## [REQUIREMENT]
Every line of the entries below from the one containing "TOP: TAN / S" to the one containing "Vader | Twitter/@WrestlingIsKing", both ends included, must be written out exactly. No other line belongs in the answer.

## [TASK MATERIAL]
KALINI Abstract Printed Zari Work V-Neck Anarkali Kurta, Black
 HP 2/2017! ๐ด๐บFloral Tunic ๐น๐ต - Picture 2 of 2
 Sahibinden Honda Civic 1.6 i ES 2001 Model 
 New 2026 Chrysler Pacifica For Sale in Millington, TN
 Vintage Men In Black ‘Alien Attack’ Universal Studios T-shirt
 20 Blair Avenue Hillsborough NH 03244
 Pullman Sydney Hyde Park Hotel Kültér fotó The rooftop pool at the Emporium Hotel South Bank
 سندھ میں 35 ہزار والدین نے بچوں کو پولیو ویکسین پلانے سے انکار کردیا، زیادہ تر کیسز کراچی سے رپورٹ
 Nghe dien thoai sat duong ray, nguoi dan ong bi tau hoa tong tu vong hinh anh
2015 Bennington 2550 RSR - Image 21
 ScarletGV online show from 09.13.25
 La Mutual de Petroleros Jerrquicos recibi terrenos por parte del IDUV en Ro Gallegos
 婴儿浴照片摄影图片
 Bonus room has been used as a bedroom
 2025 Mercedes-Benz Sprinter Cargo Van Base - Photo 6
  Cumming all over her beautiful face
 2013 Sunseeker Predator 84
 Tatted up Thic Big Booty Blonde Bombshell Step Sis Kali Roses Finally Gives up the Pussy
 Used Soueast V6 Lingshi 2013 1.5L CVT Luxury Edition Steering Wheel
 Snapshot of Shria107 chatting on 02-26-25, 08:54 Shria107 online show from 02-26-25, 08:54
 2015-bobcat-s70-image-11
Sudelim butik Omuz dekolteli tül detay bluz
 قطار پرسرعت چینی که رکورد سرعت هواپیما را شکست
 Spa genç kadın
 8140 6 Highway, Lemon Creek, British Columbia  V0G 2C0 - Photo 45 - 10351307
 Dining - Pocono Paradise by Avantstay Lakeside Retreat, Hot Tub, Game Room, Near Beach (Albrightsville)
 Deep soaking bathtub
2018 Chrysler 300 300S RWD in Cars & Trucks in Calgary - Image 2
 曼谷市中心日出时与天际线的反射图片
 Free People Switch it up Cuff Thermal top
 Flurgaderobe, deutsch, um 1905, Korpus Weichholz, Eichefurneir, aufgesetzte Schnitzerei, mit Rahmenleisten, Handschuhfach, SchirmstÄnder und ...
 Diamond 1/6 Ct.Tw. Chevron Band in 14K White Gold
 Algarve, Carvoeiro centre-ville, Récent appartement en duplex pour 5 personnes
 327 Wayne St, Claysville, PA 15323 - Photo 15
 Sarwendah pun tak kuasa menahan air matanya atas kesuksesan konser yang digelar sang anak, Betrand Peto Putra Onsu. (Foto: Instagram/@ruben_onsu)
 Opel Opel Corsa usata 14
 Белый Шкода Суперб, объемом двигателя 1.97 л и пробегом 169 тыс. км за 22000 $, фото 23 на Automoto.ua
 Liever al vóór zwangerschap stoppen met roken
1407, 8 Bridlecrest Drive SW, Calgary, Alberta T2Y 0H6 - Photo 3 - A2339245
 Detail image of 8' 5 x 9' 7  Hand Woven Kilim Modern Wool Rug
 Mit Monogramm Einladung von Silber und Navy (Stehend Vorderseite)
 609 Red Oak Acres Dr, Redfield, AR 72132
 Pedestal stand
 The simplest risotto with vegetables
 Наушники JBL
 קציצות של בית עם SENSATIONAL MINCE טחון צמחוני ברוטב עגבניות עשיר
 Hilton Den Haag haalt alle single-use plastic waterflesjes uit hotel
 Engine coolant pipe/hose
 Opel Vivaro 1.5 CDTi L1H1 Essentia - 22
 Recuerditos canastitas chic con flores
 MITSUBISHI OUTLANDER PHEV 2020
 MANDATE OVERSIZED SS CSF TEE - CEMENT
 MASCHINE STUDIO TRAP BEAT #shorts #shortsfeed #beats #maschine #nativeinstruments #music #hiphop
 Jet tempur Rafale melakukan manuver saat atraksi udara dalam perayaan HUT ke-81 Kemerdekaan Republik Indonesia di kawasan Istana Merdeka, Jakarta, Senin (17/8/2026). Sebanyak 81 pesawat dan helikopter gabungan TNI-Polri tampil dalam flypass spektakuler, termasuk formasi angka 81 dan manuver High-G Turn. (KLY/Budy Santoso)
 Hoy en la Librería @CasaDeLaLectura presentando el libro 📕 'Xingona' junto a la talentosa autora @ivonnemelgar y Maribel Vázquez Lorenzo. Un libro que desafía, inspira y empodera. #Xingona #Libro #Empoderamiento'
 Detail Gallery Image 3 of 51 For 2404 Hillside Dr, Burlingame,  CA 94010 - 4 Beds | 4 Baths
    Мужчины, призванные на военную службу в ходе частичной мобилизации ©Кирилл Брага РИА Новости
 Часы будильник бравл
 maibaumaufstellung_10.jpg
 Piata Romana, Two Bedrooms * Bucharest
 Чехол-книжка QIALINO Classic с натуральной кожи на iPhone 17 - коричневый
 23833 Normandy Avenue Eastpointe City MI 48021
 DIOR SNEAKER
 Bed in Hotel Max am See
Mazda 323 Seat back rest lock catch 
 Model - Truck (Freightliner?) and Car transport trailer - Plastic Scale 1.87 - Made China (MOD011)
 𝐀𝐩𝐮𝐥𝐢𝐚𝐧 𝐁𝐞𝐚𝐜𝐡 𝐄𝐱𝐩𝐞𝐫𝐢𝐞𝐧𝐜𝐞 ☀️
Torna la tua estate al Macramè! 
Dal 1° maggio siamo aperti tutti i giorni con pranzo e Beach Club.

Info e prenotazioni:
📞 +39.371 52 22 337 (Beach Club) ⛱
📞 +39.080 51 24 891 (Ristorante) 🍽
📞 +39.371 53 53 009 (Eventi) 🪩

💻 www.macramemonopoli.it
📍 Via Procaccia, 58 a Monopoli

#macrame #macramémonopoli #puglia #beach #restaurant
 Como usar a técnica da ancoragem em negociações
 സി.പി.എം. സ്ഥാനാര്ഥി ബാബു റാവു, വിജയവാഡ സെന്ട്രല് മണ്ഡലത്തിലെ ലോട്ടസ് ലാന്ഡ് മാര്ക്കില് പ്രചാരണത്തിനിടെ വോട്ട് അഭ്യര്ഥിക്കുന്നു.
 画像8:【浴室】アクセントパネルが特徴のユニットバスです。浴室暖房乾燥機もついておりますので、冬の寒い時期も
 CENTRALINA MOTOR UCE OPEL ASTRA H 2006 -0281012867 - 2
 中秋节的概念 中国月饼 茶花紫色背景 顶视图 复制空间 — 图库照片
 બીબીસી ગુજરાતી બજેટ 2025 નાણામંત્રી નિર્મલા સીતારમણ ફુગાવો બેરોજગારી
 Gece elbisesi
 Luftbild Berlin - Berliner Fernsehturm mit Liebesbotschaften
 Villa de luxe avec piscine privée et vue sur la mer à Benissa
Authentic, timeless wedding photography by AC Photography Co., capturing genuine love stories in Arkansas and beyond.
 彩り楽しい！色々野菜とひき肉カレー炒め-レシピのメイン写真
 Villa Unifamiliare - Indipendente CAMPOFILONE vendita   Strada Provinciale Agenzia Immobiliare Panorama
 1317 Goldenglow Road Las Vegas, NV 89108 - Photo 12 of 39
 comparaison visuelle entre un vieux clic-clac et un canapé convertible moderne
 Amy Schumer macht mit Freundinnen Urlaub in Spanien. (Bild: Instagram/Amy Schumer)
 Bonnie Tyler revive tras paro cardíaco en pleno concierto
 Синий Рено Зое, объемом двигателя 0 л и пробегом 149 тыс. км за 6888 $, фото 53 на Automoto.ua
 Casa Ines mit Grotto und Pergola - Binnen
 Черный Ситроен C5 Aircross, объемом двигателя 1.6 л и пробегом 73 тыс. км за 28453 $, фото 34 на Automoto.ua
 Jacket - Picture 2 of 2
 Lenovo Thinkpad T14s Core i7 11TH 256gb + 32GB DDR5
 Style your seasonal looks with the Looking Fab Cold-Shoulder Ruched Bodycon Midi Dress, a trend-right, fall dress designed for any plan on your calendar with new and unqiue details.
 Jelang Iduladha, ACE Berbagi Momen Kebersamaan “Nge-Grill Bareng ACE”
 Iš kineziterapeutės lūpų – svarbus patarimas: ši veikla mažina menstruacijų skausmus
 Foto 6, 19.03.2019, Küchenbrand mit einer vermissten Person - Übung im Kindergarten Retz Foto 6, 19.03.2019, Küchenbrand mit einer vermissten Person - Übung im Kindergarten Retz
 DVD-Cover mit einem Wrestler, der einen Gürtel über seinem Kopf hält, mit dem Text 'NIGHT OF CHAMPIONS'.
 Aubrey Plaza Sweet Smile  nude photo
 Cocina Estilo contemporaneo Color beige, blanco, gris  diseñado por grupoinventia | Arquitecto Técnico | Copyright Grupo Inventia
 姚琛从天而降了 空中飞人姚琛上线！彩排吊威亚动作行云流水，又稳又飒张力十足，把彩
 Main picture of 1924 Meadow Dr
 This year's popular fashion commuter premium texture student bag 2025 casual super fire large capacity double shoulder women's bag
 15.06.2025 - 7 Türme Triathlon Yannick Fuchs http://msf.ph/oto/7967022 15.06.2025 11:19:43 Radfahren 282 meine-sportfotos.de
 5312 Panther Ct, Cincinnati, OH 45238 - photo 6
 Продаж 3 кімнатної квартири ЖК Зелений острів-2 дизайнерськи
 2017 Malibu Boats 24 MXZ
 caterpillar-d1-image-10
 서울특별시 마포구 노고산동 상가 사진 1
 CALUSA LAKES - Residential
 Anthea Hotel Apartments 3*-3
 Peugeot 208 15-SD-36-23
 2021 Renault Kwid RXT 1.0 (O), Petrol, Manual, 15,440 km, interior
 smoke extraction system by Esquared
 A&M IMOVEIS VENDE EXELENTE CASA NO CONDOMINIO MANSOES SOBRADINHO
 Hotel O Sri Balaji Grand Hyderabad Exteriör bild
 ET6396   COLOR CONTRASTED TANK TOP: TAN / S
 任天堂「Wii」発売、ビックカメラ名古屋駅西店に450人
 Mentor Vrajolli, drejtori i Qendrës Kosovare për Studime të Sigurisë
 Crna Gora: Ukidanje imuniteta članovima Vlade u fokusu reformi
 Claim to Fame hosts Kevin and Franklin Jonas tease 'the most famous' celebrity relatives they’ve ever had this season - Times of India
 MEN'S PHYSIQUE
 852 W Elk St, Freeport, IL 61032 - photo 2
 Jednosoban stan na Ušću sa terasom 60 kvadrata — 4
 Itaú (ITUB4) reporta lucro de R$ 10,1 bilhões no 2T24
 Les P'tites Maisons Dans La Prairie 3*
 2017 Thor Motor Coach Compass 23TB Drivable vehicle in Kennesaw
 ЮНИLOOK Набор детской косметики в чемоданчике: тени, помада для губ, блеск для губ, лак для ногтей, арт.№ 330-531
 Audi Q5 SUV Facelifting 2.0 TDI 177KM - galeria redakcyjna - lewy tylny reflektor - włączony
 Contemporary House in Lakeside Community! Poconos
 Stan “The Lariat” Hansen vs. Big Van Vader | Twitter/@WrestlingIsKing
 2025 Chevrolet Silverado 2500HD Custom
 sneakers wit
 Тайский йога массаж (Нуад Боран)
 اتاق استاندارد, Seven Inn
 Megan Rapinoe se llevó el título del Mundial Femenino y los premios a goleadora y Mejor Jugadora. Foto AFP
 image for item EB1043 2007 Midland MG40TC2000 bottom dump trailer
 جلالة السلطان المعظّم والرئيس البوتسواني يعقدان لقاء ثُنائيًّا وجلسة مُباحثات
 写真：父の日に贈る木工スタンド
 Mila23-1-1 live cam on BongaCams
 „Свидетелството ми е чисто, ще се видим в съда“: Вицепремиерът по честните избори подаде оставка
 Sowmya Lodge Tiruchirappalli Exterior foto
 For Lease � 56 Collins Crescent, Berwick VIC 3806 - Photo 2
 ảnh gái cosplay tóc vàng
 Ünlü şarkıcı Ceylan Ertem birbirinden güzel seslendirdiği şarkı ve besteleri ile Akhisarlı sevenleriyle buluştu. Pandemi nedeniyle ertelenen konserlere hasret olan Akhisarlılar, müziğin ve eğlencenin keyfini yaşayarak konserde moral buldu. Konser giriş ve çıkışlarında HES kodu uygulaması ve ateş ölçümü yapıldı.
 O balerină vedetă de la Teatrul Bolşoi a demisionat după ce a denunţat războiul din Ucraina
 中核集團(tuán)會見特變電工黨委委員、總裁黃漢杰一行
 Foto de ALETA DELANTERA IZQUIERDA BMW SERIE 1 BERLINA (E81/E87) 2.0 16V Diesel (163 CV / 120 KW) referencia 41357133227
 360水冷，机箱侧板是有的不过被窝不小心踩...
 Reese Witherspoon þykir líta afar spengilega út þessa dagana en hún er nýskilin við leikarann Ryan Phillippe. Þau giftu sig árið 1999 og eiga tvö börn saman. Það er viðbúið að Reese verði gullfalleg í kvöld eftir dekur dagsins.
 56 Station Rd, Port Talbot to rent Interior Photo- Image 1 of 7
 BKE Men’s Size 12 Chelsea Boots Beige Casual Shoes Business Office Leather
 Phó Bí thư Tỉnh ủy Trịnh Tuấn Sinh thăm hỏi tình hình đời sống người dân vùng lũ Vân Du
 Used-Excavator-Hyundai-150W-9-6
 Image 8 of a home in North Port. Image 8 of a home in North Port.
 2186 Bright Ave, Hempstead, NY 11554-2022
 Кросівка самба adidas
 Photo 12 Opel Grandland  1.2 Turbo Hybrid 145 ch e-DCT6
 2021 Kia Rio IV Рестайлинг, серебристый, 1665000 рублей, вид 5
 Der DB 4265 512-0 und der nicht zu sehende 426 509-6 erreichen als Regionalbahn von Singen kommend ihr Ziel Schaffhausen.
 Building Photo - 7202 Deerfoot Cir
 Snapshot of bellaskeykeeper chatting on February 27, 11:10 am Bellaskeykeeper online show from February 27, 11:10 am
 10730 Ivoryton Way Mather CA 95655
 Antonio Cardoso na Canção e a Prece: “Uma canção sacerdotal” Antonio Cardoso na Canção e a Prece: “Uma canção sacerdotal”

## [OUTPUT OF THE TASK]
 ET6396   COLOR CONTRASTED TANK TOP: TAN / S
 任天堂「Wii」発売、ビックカメラ名古屋駅西店に450人
 Mentor Vrajolli, drejtori i Qendrës Kosovare për Studime të Sigurisë
 Crna Gora: Ukidanje imuniteta članovima Vlade u fokusu reformi
 Claim to Fame hosts Kevin and Franklin Jonas tease 'the most famous' celebrity relatives they’ve ever had this season - Times of India
 MEN'S PHYSIQUE
 852 W Elk St, Freeport, IL 61032 - photo 2
 Jednosoban stan na Ušću sa terasom 60 kvadrata — 4
 Itaú (ITUB4) reporta lucro de R$ 10,1 bilhões no 2T24
 Les P'tites Maisons Dans La Prairie 3*
 2017 Thor Motor Coach Compass 23TB Drivable vehicle in Kennesaw
 ЮНИLOOK Набор детской косметики в чемоданчике: тени, помада для губ, блеск для губ, лак для ногтей, арт.№ 330-531
 Audi Q5 SUV Facelifting 2.0 TDI 177KM - galeria redakcyjna - lewy tylny reflektor - włączony
 Contemporary House in Lakeside Community! Poconos
 Stan “The Lariat” Hansen vs. Big Van Vader | Twitter/@WrestlingIsKing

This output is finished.